Challenges to the conditions of confinement by pretrial detainees are cognizable under the Fourteenth Amendment, not the Eighth Amendment.
Docket 1-2 at 1.
Docket 1-4 at 1.
Docket 1 at 4.
Dockets 1-4; 1-7; 1-12.
See, generally, Dockets 1-1 through 1-10.
CONCLUSION
Plaintiff is accorded 60 days from the date of this order to file an amended complaint. An amended complaint replaces the prior complaint in its entirety. Any claim not included in the amended complaint will be considered waived. If handwritten, an amended complaint must be legible in dark ink with adequate spacing between each line. An amended complaint need not contain legal research or analysis, but it must contain sufficient facts that state a plausible claim for relief. A claim is “plausible” when the facts alleged support a reasonable inference that the plaintiff is entitled to relief from a specific defendant for specific misconduct. An amended complaint should not contain a narrative.
See Fed. R. Civ. P 15; Local Civil Rule 15.1.

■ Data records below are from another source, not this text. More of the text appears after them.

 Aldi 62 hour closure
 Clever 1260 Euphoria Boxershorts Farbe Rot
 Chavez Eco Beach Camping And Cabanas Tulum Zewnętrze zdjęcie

Although Plaintiff has been given the opportunity to file an amended complaint, he shall not unjustifiably expand the scope of the case by alleging new unrelated claims. An amended complaint may not include any claims or defendants for which Plaintiff lacks a sufficient legal or factual basis. An amended complaint must set out each claim for relief separately. Each claim should identify (1) the specific injury that the plaintiff is alleging has occurred, (2) when that injury occurred, (3) where that injury was caused, and (4) who the plaintiff is alleging caused that specific injury.
See George v. Smith, 507 F.3d 605, 607 (7th Cir. 2007).
IT IS THEREFORE ORDERED:
1. Plaintiff's Complaint at Docket 1 is DISMISSED for failing to state a claim upon which relief could be granted. The Court grants Plaintiff leave to file an amended complaint in accordance with the guidance provided in this order.
2. Plaintiff's motion at Docket 6 is DENIED as moot.
3. Plaintiff is accorded 60 days from the date of this order to file one of the following:
a. First Amended Complaint, in which Plaintiff restates the claims to address the deficiencies identified in this order. An amended complaint should be on the Court's form, which is being provided to Plaintiff with this order; OR
b. Notice of Voluntary Dismissal, in which Plaintiff elects to close and end the case.
4. If Plaintiff does not file either an Amended Complaint or Notice of Voluntary Dismissal on the Court form, the case may be dismissed under 28 U.S.C. § 1915(e)(2)(B) without further notice to Plaintiff.
5. Plaintiff's application to waive prepayment of the filing fee at Docket 3 is GRANTED.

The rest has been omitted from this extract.